When I split up with my husband, one of his parting shots was that nobody would ever find me attractive again, and that he was the only chance I had left. At the time, I believed him – so much so that even before I succumbed to this new fling, I had to get the fling to repeat himself four times before I believed that he wanted to go to bed with me. But, as it turns out, there are plenty of young men out there who are keen to date older women. Now, I date them exclusively.
And I’m not alone. There are 100,000 members of www.Cougarmatching.com, an internet dating service created specifically to introduce younger men to older women. So far, I have been out with several men in their twenties, including a nuclear physicist who was quite geeky, and one who lied about his age and turned out to be just 20. At the moment, I’m seeing a 26-year-old. I receive about 10 e-mails a day – far more than your average dating website – and all of them are totally over the top. And when you have come out of a marriage to a man who didn’t pay you any compliments, it is pretty strong stuff.

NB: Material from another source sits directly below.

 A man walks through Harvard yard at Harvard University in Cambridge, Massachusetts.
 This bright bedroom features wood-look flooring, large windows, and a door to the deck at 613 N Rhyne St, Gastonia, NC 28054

I met my nemesis in the form of a 23-year-old estate agent called Charlie. He was gorgeous, and his attention was hugely flattering. He would text obsessively and constantly send e-mails. So when a few months into the relationship he started cancelling at the last minute and going Awol for several days at a time, I suspected that I might not be the only woman he was dating.
I set up a fake profile – not to entrap him, but just to see – and, sure enough, after a mere two days he made an approach. Then I noticed a post from another woman on the website’s forum, saying that she’d had a bad experience with one of the boys, and some of the details sounded familiar. I contacted her and discovered that, yes, it was Charlie. She had even confronted him, and he had gone demented, saying that lots of people were in touch with other people on the website. Which is fine, but he hadn’t been honest about it. I remember he had even said to me at dinner once: “Why would I need to be on that website now I’ve met you?”
In the end, I didn’t confront him myself, I just broke off contact. I simply sent him an e-mail saying he had been found out and then never heard from him again. I’m not naive, I do expect some fast and loose behaviour: at 23, you don’t really know what you want, and I’m sure I did the same at his age.